The article shared what I thought was a pretty depressing statistic – that the key at work is do spend twenty percent of your time on tasks you find particularly engaging and meaningful. Supposedly, that’s the key to voiding burn-out at work – spending fifty percent of your time on meaningful tasks apparently doesn’t reduce the risk of burn-out.

I’m not so sure I agree with that stat, but the article did offer an interesting exercise. It suggested that people spend a week filling out a T-chart listing what activities they did they liked and which ones they loathed. The idea would be that after that activity, workers would need to figure out ways to increase doing their “liked” activities to twenty percent of their time.

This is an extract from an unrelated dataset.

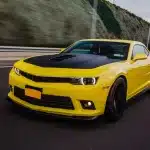 Yellow Sport Car With Black Autotuning Road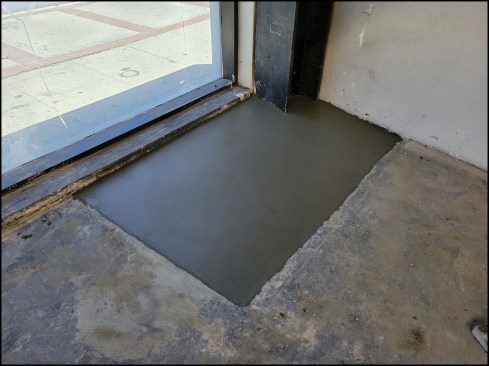 Moment frame. A second concrete pour buries the column base plates and is troweled smooth.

Again, this sounds a depressingly low percentage of “meaningful” time to be satisfied with, but the T-chart idea got me thinking:

Since an on-going challenge that students experience with the retrieval practice notebook is differentiating between what they learned and what they did, why not add a T-Chart titled “Liked” and “Didn’t Like” where they listed one activity they did in school each day in each column? And make it even more meaningful by preparing monthly summaries for their teachers of what they wrote (without naming names)? And, then, at the end of the year, have students review what they wrote and and compile a reflection about how they like (and not like) to learn so they can share it with their teachers next year?

You obviously can’t learn much from doing just two days of anything, but the idea has been well-received. We’ll see how it goes.

What do you think? Any ways I can improve on this new addition?

I’m adding this post to The Best Resources For Learning About Retrieval Practice.